The wizard for subset creation has the user select the source of the subset, the size and sorting of it, the names for the subset targets, and any encryption or masking the subsetted data should get. The wizard then creates a series of job scripts at runtime that create either subset tables or flat files.
This page defines the table that will “drive” the created subset. Think of the driving table as the main table from where you want the subset to originate. So for example, if you want to subset a table of customers and all tables connected to it, you would select the table with customer info here.
The Table Selection page has two notable sections:
- The Database selection combo box
- The Table selection combo box
Sizing and Sorting
This page is where you specify the size and sort order of the subset. For example, to get a subset of the 100 highest purchase levels, you would sort on the purchase level field (as in this example). If you want the rows selected randomly, however, leave the Key Fields list blank.
The Sort page has 4 notable sections:
- Amount of Records in Subset
- The Input Fields list
- The Key Fields list
- Key Options
- In the Number of Rows box, enter the size of the subset you want to create.
- If you want a subset of sorted data, select the column to sort on and click “Add Key.” Otherwise, leave the Key Fields list blank.
- A few options are available in the Key Options box:
- Select the Stable check box to duplicate records to load in the order they are in the production table.
- If you want no duplicates or only duplicates in your subset, select the Duplicates check box and the appropriate radio button.
This page has two functions. The first allows you to view the relations of your driver table. The second is to name the output targets for the subset.
The Target Naming page has 6 notable sections:
- The Output options radio buttons
- The Naming options radio buttons
- The Name entry text box
- The referenced by list
- The Table selection combo box
- The references list
1. Select the table from the Table name menu.
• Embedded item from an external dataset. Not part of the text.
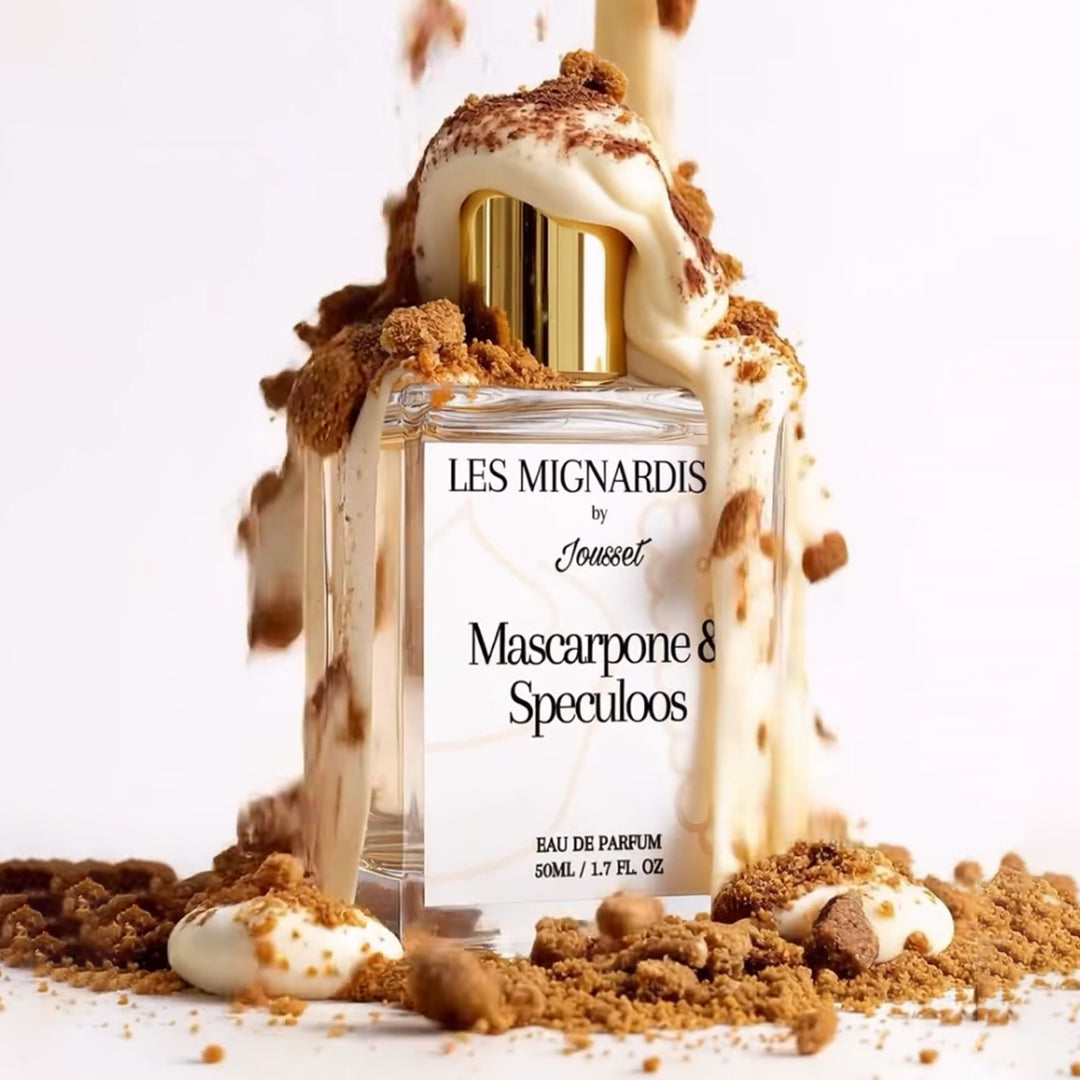 JOUSSET LES MIGNARDISES Mascarpone & Speculoos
2. Review the Imported by and Imports lists to verify that the tables relations have been found correctly:
- In the Imported by list, all of the tables that your chosen table is imported by are listed.
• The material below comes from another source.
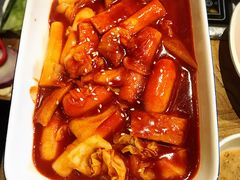-韩国料理大力士(屏风街店)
- In the Imports list, all of the tables that your chosen table has a relationship with are listed.
3. Specify the target using the Output Option radio buttons: Output to flat file with the following separator – enter a separator if different than a tab (\t).
- Output to table
- Select the check box to generate an SQL script to create the new subset tables.
- In the Schema menu, select a different schema.
- Select the naming option to name the subset targets:
- Different schema with same table names (if you selected a different schema).
- Prefix all adds a prefix to every table name and sets it as that tables subset target.
- Postfix all adds a postfix to every table name and sets it as that tables subset target.
- Name individually allows each subset target to be named independently of the other subset targets.
- Enter appropriate text in the Name entry text box:
- If Different schema is select, enter a name for the subset targets.
- If Prefix all is selected, enter the prefix to add to all subset target names.
- If Postfix all is selected, enter the postfix to add to all subset target names.
- If Name individually is selected, enter the subset target name for the currently selected table.
- Click the set button.
Subset Target Review
This page allows you to review the output where the subset will be targeted, and to apply data masking and filtering functions.
The Subset Targets page has 4 notable sections:
- The Output Target list
- The “Target Field Layout…” button
- The “Named Condition…” button
- The “Record Filter…” button
- To apply a mask, select the Target from the list and click the “Target Column Layout…” button
- To create a condition, select the Target from the list and click the “Named Condition…” button
- To apply a filter, select the Target from the list and click the “Record Filter…” button
Once all of these pages have been completed, you can select Finish. The wizard will then create job scripts to extract subsets from the driver and its related tables.